翌日,蘇軾到達岐亭時,路過一座寺廟,廟內供奉有一座阿羅漢像,只見羅漢座中,左龍右虎,形態很有古韻,只是這座阿羅漢的臉上有了破損。
阿羅漢的梵語含有殺賊、無生、應供等意。殺盡煩惱之賊,解脫生死,應受天上人間的供養。
蘇軾盯著這尊受損的阿羅漢像出了半天神,想起昨夜夢中見到的傷僧,亦真亦幻,孰真孰假,惘然無著。待到從岐亭返黃時,他將這尊塑像帶回黃州安國寺,並修復如新。當年四月八日是蘇母程夫人的祭日,為了祭奠母親,蘇軾向寺僧施飯祈福,從此將這尊阿羅漢像落於寺內。

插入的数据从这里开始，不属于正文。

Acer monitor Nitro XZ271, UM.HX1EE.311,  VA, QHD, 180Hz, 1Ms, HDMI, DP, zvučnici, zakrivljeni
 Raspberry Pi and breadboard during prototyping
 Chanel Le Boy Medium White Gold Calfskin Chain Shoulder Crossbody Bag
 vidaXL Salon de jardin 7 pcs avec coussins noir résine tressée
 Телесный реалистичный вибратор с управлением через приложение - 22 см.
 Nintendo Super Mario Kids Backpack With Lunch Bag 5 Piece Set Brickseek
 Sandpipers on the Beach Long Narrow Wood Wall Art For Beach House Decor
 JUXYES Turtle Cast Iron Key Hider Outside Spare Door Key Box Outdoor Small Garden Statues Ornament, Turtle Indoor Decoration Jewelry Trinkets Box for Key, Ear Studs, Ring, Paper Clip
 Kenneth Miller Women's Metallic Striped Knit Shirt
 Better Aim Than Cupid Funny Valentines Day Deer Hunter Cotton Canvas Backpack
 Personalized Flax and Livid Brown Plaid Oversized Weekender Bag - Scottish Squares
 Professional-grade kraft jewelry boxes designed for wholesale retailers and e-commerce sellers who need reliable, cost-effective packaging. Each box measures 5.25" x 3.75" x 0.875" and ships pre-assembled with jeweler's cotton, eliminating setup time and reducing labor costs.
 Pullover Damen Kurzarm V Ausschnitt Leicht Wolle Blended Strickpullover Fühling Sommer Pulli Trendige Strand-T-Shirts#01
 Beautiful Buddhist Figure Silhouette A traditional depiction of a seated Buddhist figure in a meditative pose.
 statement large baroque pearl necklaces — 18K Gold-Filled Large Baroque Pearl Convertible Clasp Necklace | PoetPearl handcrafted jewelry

這趟岐亭之行結束後,蘇軾沿舉水乘舟,在返黃路過古黃州城時收藏了一面古鏡。
蘇軾在《書所獲鏡銘》中只寫著“過古黃州。獲一鏡”。
北宋初年,黃州從故地邾城,即今天的禹王城,向南遷移約五里,在長江北岸築新城。
禹王城,又稱女王城,蘇軾文中所稱“古黃州”,有可能就是這裡。
蘇軾收穫的這面古鏡很不一般,周長大約一尺二寸。
宋尺約等於公制31至32釐米,十寸為一尺,換算成今天的長度單位,約38釐米。和一部iPhone13mini的大小差不多。
古鏡的背面刻著十幾個豆子大小的精緻漢字,其中既有篆書,又有隸書:
“漢有善銅出白陽 取為鏡 清而明 左龍右虎俌之”(俌,通輔)
(其字如菽大,雜篆隸,甚精妙。)
蘇軾猜測,所謂“白陽”,應該指的是南陽白水之陽。此鏡顏色漆黑,人在鏡中似乎縮小了。這面鏡的形制和他之前聽說的很多古鏡很相似,而古鏡通常都是道家聚形養氣之器。
此時的蘇軾,不久前剛剛結束了七七四十九天的閉關修煉,對於道家修身之術的興趣正濃,因此對此鏡珍愛有加。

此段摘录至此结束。